- Theatrical release poster
- Directed by: K. Sornam
- Written by: M. Karunanidhi
- Based on: Ore Raththam by M. Karunanidhi
- Produced by: M. Suryanarayanan
- Starring: Karthik; Pandiyan; Radha Ravi; Kishmu; M. K. Stalin; Seetha; Madhuri;
- Cinematography: M. S. Annadurai
- Edited by: L. Kesavan
- Music by: Devendran
- Production company: Murasu Movies
- Release date: 8 May 1987;
- Country: India
- Language: Tamil

= Ore Raththam =

1987 film by K. Sornam

Ore Raththam (/ta/ ) is a 1987 Indian Tamil-language political drama film directed by K. Sornam and written by M. Karunanidhi. The film has an ensemble cast including Karthik, Pandiyan, Radha Ravi, Kishmu, M. K. Stalin (in his acting debut), Seetha and Madhuri. It is based on Karunanidhi's novel of the same name which was serialised in the magazine Kungumam. The film was released on 8 May 1987 and did not perform well at the box office.

== Production ==
Ore Raththam was a story which was serialised in the magazine Kungumam. The author M. Karunanidhi adapted it for the screen with the same title. His son Stalin made his cinematic acting debut with this film.

== Soundtrack ==
The soundtrack was composed by Devendran.

Track listing
| No. | Title | Singer(s) | Length |
|---|---|---|---|
| 1. | "Ore Raththam Than Oduthu" | Devendran | 4:08 |
| 2. | "Oru Poralien Payanam Idu" | Devendran | 3:11 |
| Total length: |  |  | 7:19 |

== Release and reception ==
Ore Raththam was released on 8 May 1987. N. Krishnaswamy of The Indian Express liked the film because "most of the characters get a say, the focus shifts to each of them one time or another". He also praised the narration, dialogue, background score, camera work, and editing.
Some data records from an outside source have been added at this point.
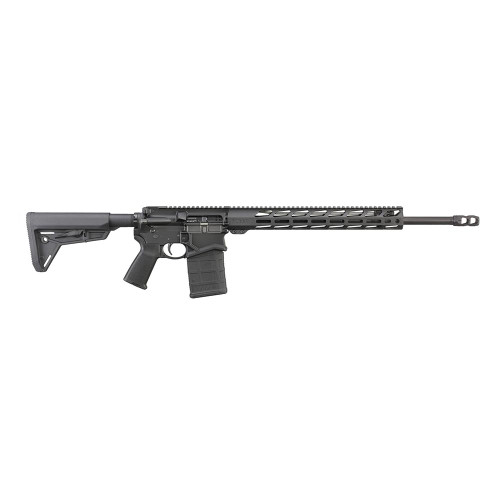 RUGER SFAR RIFLE 6.5 CREEDMOOR 20RD MAGAZINE 20" BARREL MAGPUL MOE SL STOCK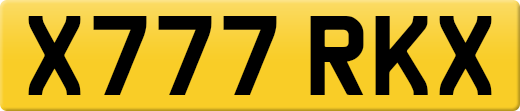 X777RKX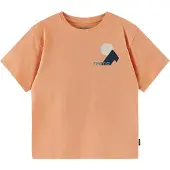 Reima Shirt 'Ikioma' gemengde kleuren / abrikoos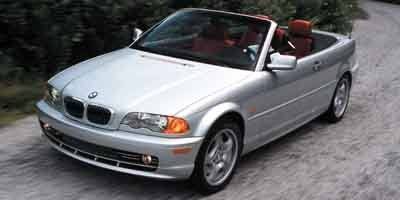 2003 BMW 3 Series 330Ci — Convertible — 95,821 mi — Estero, FL
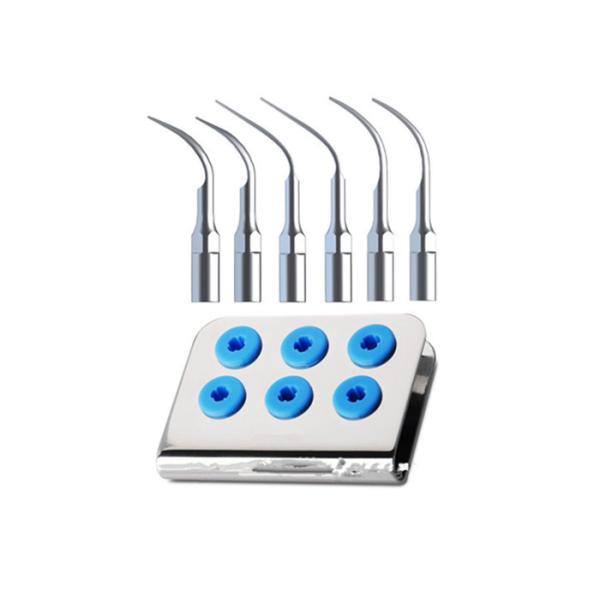 Dental Stainless Steel Scaler Tips Holder Used for Scaler Tips
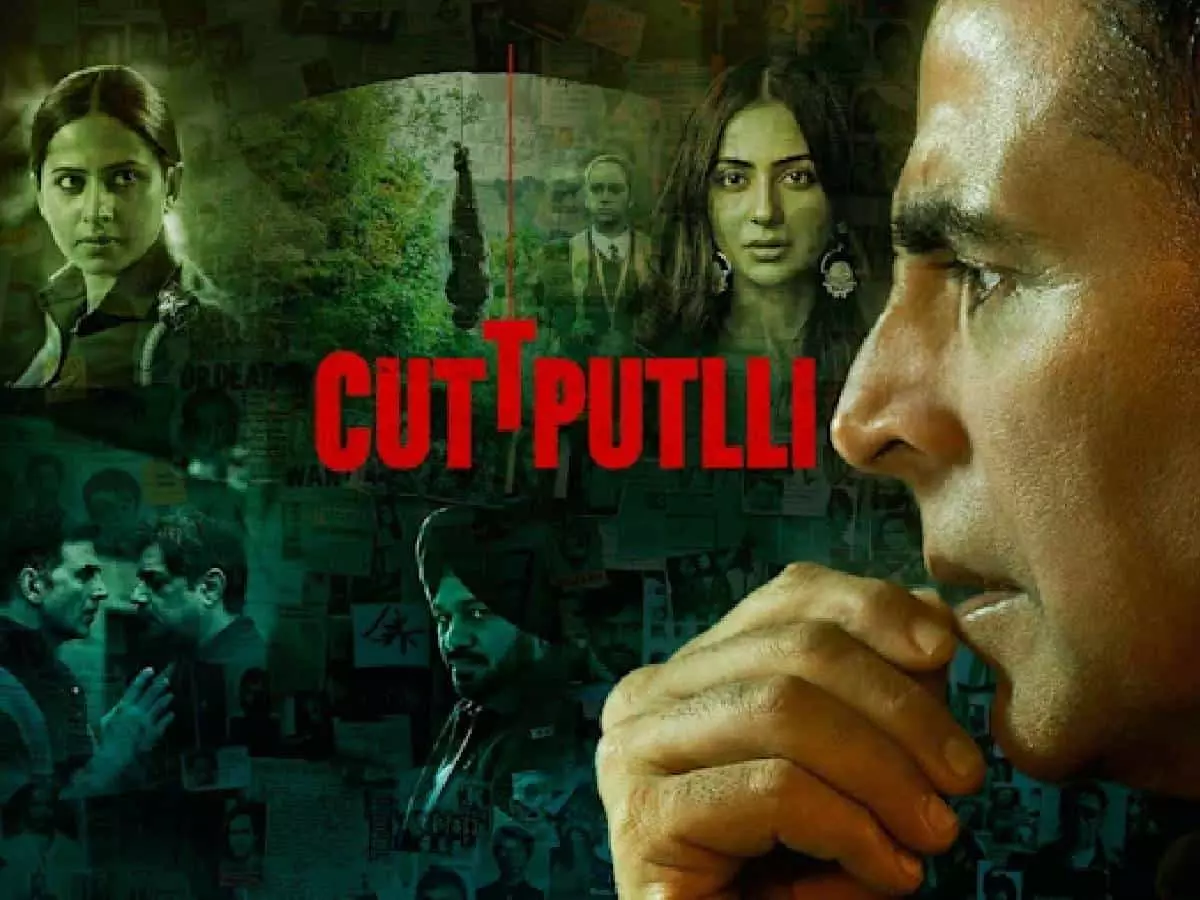 Cuttputlli OTT release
Jayamanmadhan of Kalki felt that Karunanidhi wrote this script seemed like not go towards political area and also felt the song sequences and method of storytelling has outdated feel, citing director Sornam was in huge slumber then woke up suddenly and went to the sets and concluded saying if the film was ended showing Kishmu's character as reformed than dying it would have been a propaganda play preaching life education. The film did not perform well at the box office.